## Task inputs
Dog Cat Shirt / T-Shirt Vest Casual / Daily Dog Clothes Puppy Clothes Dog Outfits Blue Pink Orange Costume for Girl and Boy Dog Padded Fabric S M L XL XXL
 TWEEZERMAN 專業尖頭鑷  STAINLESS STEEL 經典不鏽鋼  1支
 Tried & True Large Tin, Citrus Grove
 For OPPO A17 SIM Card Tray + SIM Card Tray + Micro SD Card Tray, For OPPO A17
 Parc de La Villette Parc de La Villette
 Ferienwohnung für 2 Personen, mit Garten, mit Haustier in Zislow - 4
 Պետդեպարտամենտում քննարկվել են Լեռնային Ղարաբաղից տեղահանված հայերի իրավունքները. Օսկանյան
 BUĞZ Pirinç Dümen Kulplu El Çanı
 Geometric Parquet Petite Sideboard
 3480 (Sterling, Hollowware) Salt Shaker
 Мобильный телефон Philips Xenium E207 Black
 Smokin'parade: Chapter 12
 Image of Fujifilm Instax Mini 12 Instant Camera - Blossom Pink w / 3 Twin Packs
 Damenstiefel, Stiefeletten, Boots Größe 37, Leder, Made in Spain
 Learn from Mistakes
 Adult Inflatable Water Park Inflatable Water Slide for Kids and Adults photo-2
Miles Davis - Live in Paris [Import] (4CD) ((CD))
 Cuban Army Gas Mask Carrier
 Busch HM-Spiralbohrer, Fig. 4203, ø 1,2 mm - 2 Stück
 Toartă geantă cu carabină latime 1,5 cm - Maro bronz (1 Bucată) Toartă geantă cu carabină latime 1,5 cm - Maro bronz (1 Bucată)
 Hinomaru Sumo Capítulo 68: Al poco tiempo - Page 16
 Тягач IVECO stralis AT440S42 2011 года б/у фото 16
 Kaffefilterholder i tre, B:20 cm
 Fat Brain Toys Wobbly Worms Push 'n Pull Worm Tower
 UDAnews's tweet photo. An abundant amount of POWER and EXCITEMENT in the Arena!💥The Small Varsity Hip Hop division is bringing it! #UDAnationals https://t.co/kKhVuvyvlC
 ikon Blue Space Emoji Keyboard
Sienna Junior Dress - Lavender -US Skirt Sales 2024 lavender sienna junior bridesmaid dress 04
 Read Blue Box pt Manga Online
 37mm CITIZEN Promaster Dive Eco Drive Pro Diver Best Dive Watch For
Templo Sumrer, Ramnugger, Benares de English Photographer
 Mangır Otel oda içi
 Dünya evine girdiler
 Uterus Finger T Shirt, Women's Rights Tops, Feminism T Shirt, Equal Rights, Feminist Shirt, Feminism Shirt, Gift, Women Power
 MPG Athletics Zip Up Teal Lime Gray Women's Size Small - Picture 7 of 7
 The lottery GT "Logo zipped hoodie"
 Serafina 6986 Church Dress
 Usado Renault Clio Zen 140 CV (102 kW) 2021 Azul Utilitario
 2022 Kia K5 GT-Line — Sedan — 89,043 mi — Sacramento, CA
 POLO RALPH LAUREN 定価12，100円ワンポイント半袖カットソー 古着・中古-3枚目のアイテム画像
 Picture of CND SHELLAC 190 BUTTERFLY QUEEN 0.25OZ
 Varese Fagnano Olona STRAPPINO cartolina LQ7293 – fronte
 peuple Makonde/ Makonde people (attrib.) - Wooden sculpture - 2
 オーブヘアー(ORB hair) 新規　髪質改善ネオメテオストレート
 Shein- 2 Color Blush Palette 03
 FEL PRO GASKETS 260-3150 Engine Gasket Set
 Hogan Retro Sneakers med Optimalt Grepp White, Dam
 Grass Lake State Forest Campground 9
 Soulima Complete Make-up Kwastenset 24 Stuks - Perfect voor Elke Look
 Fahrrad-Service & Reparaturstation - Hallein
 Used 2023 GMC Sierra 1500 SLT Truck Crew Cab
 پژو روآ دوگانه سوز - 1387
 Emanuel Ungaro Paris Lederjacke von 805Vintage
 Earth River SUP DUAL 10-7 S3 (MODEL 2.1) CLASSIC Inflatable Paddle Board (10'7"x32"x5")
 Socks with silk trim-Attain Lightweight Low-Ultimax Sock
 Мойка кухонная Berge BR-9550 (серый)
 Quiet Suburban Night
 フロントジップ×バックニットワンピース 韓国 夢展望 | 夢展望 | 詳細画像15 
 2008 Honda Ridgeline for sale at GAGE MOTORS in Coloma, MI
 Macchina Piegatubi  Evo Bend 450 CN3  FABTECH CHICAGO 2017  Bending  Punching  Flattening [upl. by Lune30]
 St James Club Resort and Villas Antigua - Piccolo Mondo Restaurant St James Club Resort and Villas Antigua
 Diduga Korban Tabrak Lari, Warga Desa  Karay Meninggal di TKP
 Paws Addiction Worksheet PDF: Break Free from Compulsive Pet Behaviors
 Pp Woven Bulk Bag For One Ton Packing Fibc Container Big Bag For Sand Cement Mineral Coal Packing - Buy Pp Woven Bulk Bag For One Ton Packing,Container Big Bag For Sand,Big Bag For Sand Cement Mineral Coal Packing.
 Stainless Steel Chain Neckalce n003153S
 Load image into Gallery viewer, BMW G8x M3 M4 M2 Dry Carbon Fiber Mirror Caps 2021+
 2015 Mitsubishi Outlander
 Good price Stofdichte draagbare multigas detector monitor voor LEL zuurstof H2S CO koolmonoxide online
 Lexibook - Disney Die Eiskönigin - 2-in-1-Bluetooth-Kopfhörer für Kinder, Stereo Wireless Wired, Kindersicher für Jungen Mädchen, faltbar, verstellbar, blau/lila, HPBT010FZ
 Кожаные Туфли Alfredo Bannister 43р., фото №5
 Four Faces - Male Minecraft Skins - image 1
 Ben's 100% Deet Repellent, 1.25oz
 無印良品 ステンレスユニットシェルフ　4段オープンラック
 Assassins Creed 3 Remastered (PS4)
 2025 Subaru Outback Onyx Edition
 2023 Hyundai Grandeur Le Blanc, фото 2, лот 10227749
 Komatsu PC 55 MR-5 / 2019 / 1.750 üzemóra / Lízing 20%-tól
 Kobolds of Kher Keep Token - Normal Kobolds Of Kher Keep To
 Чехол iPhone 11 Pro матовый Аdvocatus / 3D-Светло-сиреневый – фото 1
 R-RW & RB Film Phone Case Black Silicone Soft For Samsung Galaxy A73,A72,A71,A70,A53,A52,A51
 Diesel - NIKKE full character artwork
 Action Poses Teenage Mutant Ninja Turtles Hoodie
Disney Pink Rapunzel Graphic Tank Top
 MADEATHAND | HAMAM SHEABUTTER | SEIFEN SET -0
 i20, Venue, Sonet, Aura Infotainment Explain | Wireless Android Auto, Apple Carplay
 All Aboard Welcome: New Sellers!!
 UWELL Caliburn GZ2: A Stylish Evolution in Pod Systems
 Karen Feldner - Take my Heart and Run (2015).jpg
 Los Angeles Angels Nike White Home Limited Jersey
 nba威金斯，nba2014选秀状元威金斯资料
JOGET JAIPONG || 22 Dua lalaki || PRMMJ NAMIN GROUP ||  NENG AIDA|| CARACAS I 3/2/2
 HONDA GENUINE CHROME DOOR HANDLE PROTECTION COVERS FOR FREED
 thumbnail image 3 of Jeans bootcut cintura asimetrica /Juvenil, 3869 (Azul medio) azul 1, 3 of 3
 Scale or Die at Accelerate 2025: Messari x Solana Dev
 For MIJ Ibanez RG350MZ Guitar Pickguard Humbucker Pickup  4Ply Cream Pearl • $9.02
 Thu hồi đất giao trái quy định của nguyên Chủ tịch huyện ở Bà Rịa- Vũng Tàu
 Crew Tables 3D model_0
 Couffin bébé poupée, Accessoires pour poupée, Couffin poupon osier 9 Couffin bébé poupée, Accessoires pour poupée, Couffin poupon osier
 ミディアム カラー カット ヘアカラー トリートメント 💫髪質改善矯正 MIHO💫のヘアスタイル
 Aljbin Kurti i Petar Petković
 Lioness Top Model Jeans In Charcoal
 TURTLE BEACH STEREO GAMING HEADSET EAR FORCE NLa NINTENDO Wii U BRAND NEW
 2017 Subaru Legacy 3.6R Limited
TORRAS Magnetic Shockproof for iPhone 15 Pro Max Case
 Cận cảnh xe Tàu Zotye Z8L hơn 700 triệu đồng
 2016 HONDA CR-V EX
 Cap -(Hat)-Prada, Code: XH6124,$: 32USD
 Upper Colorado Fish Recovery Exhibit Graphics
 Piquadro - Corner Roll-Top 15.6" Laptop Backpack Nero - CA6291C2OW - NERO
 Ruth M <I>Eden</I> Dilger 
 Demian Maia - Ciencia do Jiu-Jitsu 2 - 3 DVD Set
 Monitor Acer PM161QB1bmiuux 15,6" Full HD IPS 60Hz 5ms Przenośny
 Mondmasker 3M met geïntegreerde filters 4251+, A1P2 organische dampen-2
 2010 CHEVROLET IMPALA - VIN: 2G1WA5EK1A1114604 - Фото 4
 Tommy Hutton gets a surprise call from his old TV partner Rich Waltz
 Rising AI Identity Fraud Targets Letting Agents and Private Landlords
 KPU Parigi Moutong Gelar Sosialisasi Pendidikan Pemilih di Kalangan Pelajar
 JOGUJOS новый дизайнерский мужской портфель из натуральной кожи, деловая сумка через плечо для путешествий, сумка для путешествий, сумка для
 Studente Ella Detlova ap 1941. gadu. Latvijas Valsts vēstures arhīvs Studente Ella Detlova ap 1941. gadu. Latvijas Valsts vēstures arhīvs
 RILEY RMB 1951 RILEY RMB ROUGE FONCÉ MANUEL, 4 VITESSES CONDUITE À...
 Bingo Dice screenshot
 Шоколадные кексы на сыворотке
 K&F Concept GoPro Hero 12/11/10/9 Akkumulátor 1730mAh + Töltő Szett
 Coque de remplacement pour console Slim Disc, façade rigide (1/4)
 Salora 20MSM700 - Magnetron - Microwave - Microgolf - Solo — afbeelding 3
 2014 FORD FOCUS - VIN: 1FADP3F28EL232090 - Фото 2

## Your task
Looking through the data above, copy out each line in which the string "Black" occurs.

## Exercise answer
 Мобильный телефон Philips Xenium E207 Black
 R-RW & RB Film Phone Case Black Silicone Soft For Samsung Galaxy A73,A72,A71,A70,A53,A52,A51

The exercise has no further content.